Aditi Ashok, now competing in Tokyo, was the first Indian woman golfer to play at the 2016 Rio Olympics and also the youngest then (Image courtesy: Twitter/@AditiGolf)

While the entire country had been focusing on the Oi Hockey Stadium in Tokyo over the last few days, a 23-year-old Indian golfer was silently working her way up on the leaderboard in intensely hot and humid conditions at the Kasumigaseki Country Club to keep alive hopes of India bagging another medal at the 2020 Tokyo Olympic Games.  

Aditi Ashok, ranked 179th in the world, ended Friday ranked second with a three-under 68 in the third round of the women's individual stroke play competition to stay in the medal contention for the third straight day. Bettering her performance from the first two rounds, the young golfer from Bengaluru moved one rank up as compared to a tied-second position from Thursday.

The fourth and final round starts early on Saturday (6.30 AM Japan time, 3 AM IST) with Aditi, having a combined score of 12-under, just three shots behind leader and World No. 1 Nelly Korda of the USA.

With a typhoon threat hanging over Tokyo tomorrow, if the final round is not completed on Saturday then the officials will have the option of finishing 72 holes on Sunday, weather permitting.  

However, if the decisive stage of the competition is not completed then the medals will be awarded based on the standings at the end of today's round, thus ensuring a silver for the Indian who would also become the first golfer from the country to win a medal at the world's biggest sporting extravaganza.

Participating in her second Olympics – she was the first Indian woman golfer to play at the 2016 Rio Olympics and at 18 years old, also the youngest contender in the women's event – Aditi is now just a step away from entering the history books.

It was a chance outing with her father to the course at the Karnataka Golf Association that made Aditi take to the greens at the tender age of five. From winning her first trophies at the state level as a 13-year-old to the Ladies European Tour titles later and now on the verge of winning an Olympic medal, Aditi has been a trailblazer for the women’s game in India.

"I read somewhere that the Google searches for golf from India were huge after that. Just seeing the impact it had and the exposure it got at the time was a big deal for me," she was quoted as saying by Olympics.com after the 2016 Rio Olympics.

The searches have only increased massively since then and will break records if Aditi continues with her strong showing at the Tokyo Games.  

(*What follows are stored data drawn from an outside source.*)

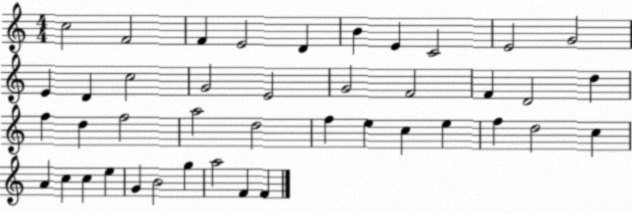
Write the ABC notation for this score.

X:1
T:Untitled
M:4/4
L:1/4
K:C
c2 F2 F E2 D B E C2 E2 G2 E D c2 G2 E2 G2 F2 F D2 d f d f2 a2 d2 f e c e f d2 c A c c e G B2 g a2 F F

Meanwhile, another Indian who is considered as a huge medal favourite for India in the last leg of the Tokyo Olympic Games is wrestler Bajrang Punia.

Making his Olympics debut today, Bajrang first beat Ernazar Akmataliev of Kyrgyzstan and then won his quarterfinal bout by fall against Morteza Ghiasi of Iran in the men's freestyle 65kg category.

Seeded second, the Indian will now wrestle three-time world champion Haji Aliyev of Azerbaijan for a place in the final.

A two-time Asian champion who also bagged a silver at the World Championships, Bajrang will assure India another medal in wrestling after the silver won by Ravi Kumar Dahiya on Thursday.

A triumph in Tokyo will also be Bajrang's biggest gift to his idol, 2012 London Olympics bronze-medallist Yogeshwar Dutt for whom he had backed out of the 2016 Rio Olympics as they both featured in the same weight category.

“In 2012, when I won a gold in the nationals was when I started sparring with Yogi bhai. He would guide me and correct me if my form went wrong somewhere. His support is still with me even today," he had told the Olympic Channel last year.  

Now, as he has the entire India backing him to get a medal in Tokyo, Bajrang where is all set to emulate his idol, or maybe even better the colour of the metal his guru had won nine years ago.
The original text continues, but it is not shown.